Christiana Zenner, revisando su libro en America, resume esto al decir: “Cuidado con la tentación de idealizar un mercado o a un individuo que promete la salvación sin atender a los más pequeños de entre nosotros y sin afrontar las condiciones que facilitaron la dominación sobre ellos”. Después añade: Cuando vemos la violación directa de otra persona, una injusticia directa, nos desconcertamos, pero la injusticia y el perpetrador son obvios. Vemos que algo está equivocado y podemos ver quién está para inculpar. Pero, y esto es su punto verdadero, cuando vivimos con sistemas injustos que violan a otros, nosotros podemos estar ciegos a nuestra propia complicidad porque podemos sentirnos bien con nosotros mismos, ya que nuestra caridad está ayudando a aquellos que han sido violados.

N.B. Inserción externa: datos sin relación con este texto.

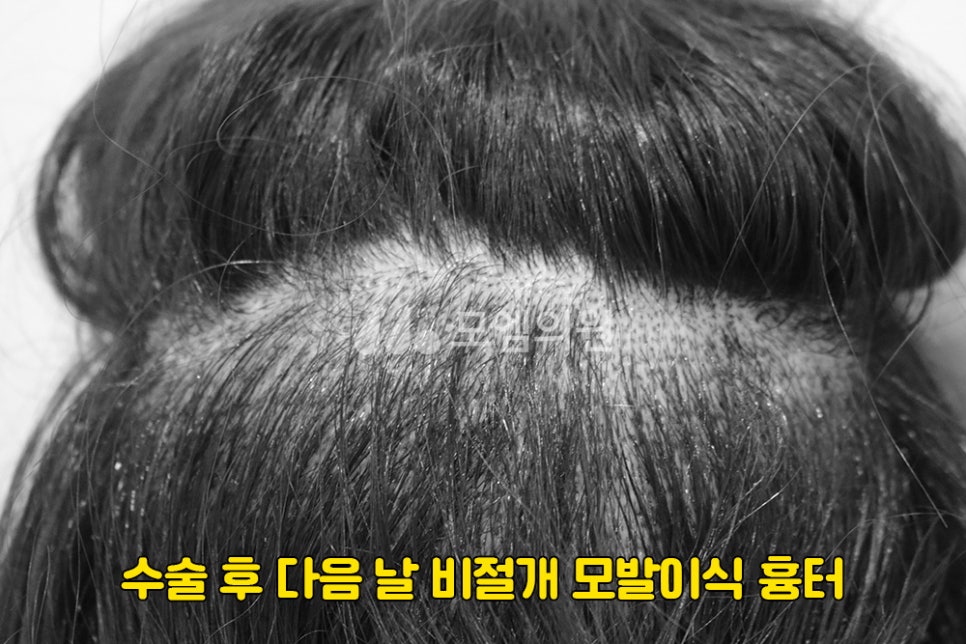 중앙헤어라인 이미지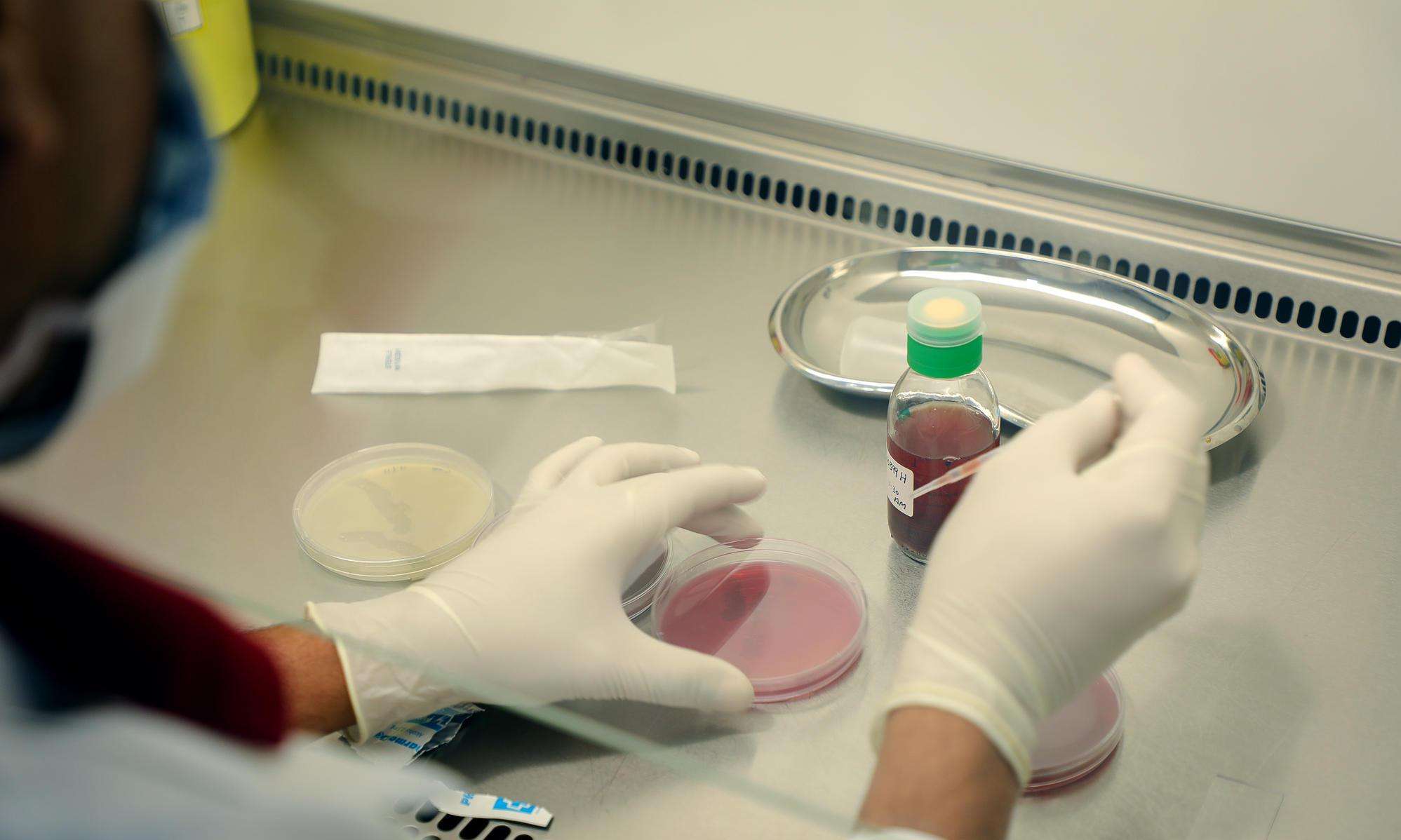 MSF bio lab at MSF’s Aden hospital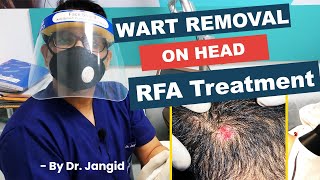 Wart Removal on Head  Live RFA Wart Removal Treatment  Dr Jangid [upl. by Marilin435]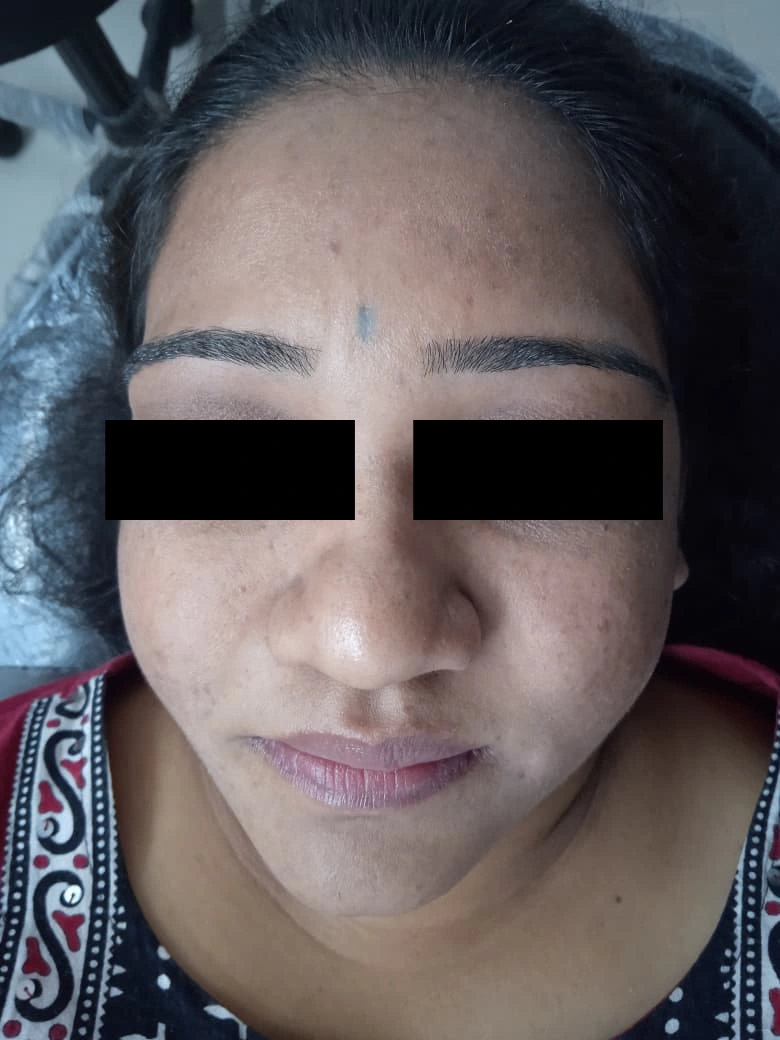 Hydrafacial treatment result - before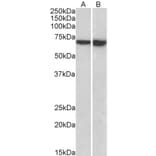 Western Blot - Anti-L Plastin Antibody (A85216) - Antibodies.com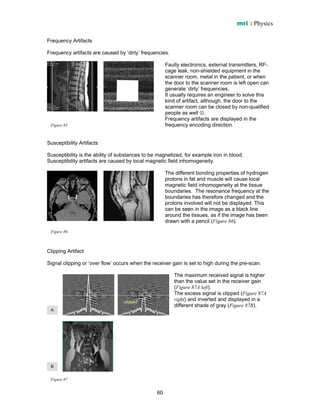 Mri physics-uk | PDF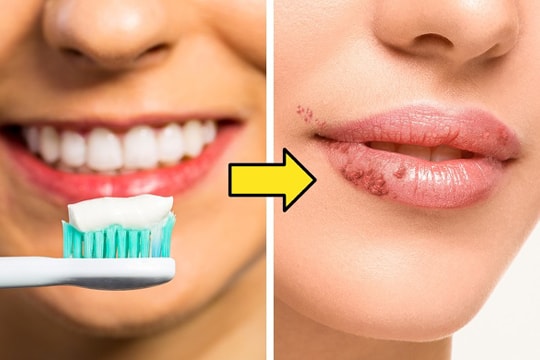10 mẹo làm đẹp truyền miệng lợi bất cập hại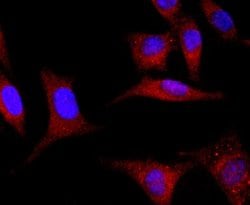 GLI-1 Antibody (JF09-08), Novus Biologicals 100&mu;L:Antibodies, Monoclonal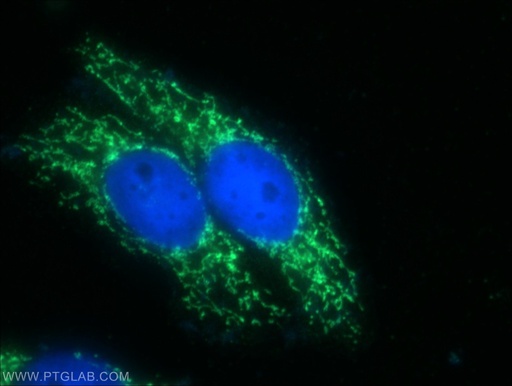 [12306-1-AP-150UL] ZFP36L1/2 Polyclonal antibody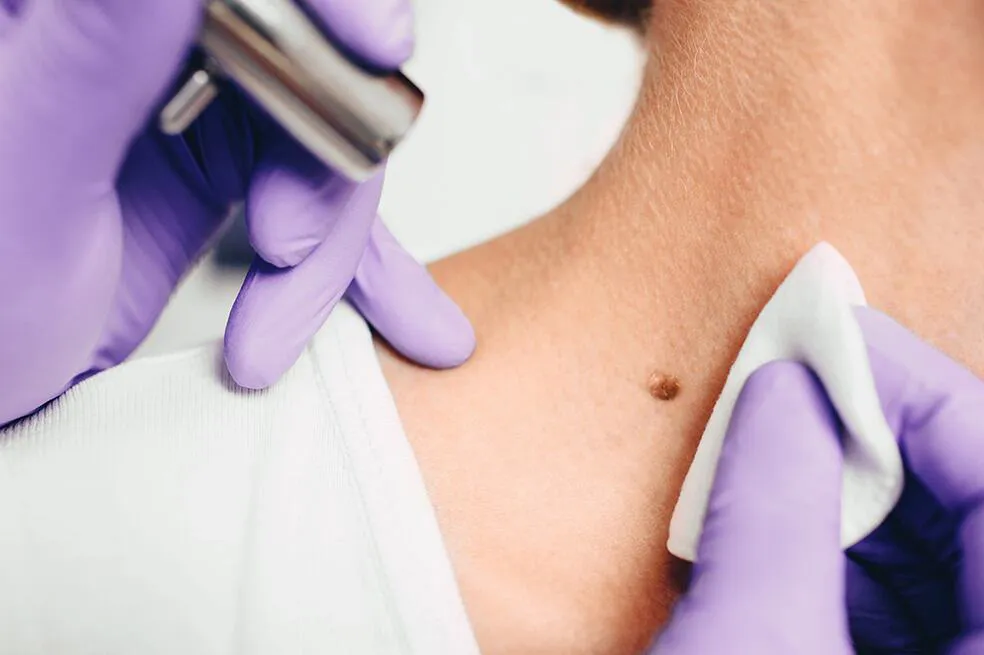 skin tag removal
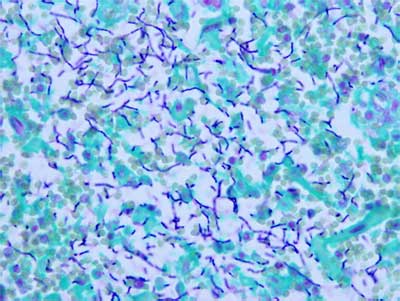 Microscopic image of anthrax organisms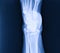 X-ray normal human\\\'s foot lateral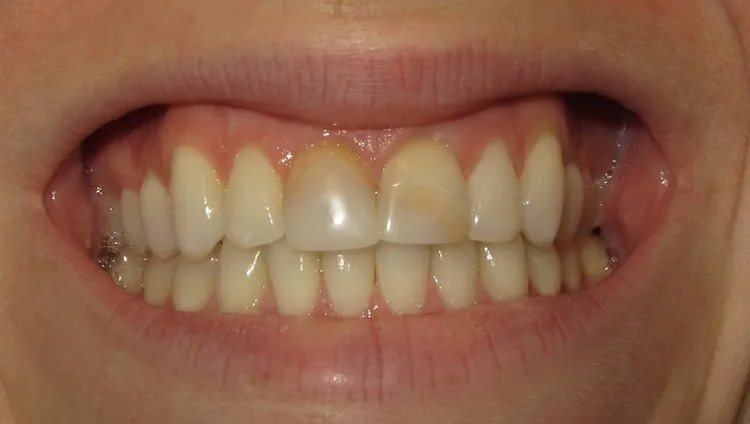 smile gallery image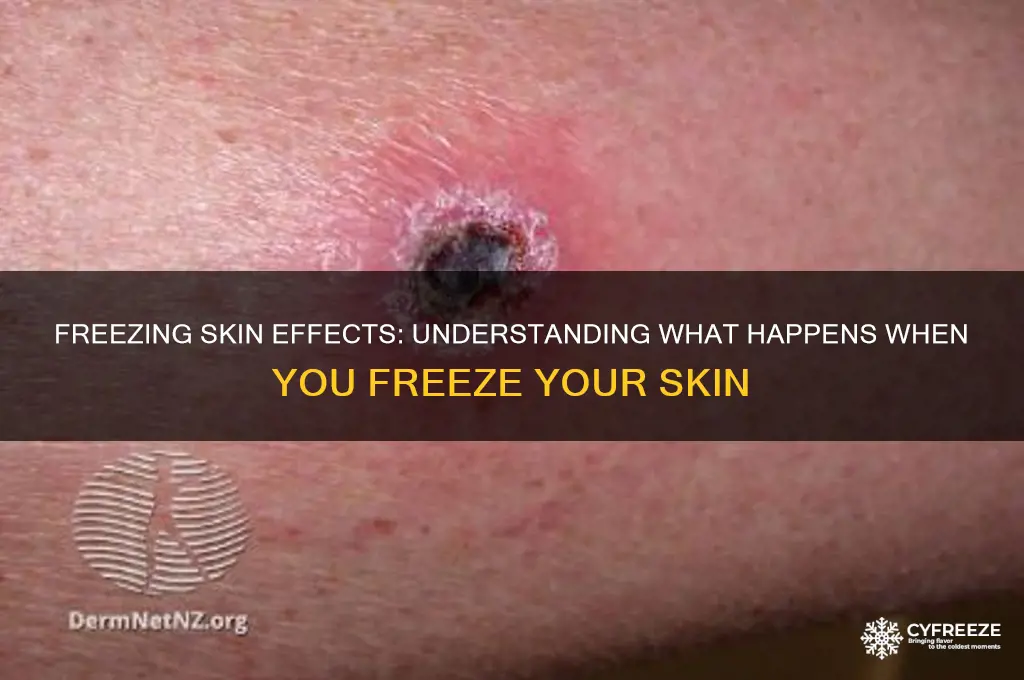 what do you get when you freeze on you rskin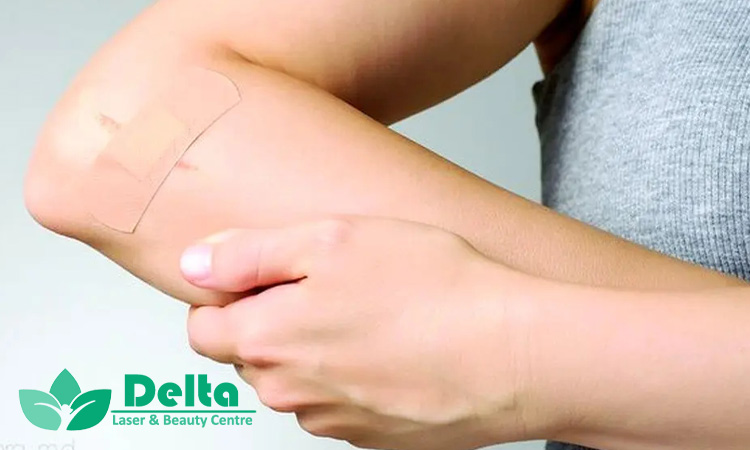 علت دیر خوب شدن زخم‌ها چیست؟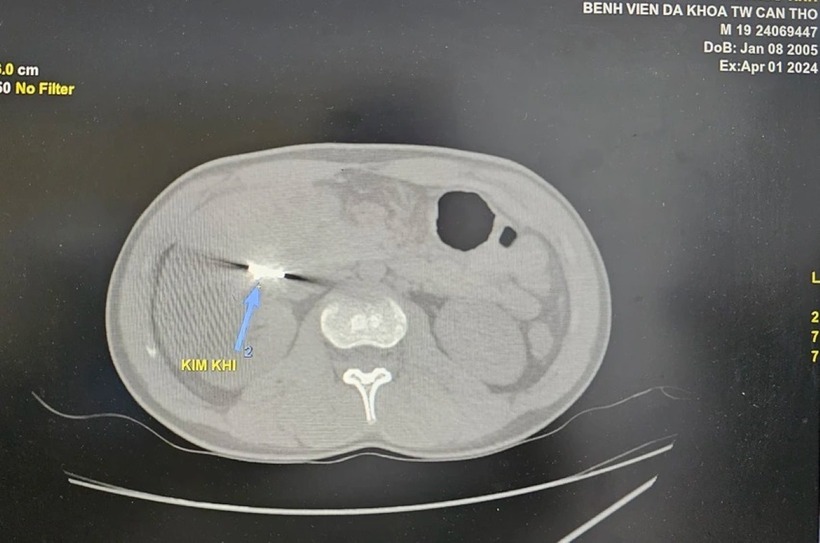 Mắt xích máy cưa nằm trong ổ bụng bệnh nhân. Ảnh: Pháp luật TP.HCM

Por ejemplo: Imaginaos que yo soy un hombre de buen corazón que siente una genuina simpatía por los sin techo de mi ciudad. Como se acerca el tiempo de Navidad, hago una gran donación de comida y dinero al banco local de alimentos. Más aún, el mismo día de Navidad, antes de sentarme a tomar mi propia comida de Navidad, paso varias horas ayudando a servir una comida de Navidad a los sin techo. Mi caridad aquí es admirable, y no puedo menos que sentirme bien de lo que hice. ¡Y lo que hice fue una cosa buena! Pero después, cuando apoyo a un político o una política que privilegia a los ricos y es desfavorable a los pobres, no puedo racionalizar más fácilmente que estoy haciendo mi parte justa y que tengo un corazón que se inclina hacia los pobres, incluso mientras mi voto mismo ayuda a asegurar que habrá siempre gente sin techo que alimentar el día de Navidad.
Pocas virtudes son tan importantes como la caridad. Es señal de un buen corazón. Pero el merecido buen sentimiento que tenemos cuando damos de nosotros mismos caritativamente no debería estar confundido con el falso sentimiento de que en realidad estamos haciendo nuestra parte.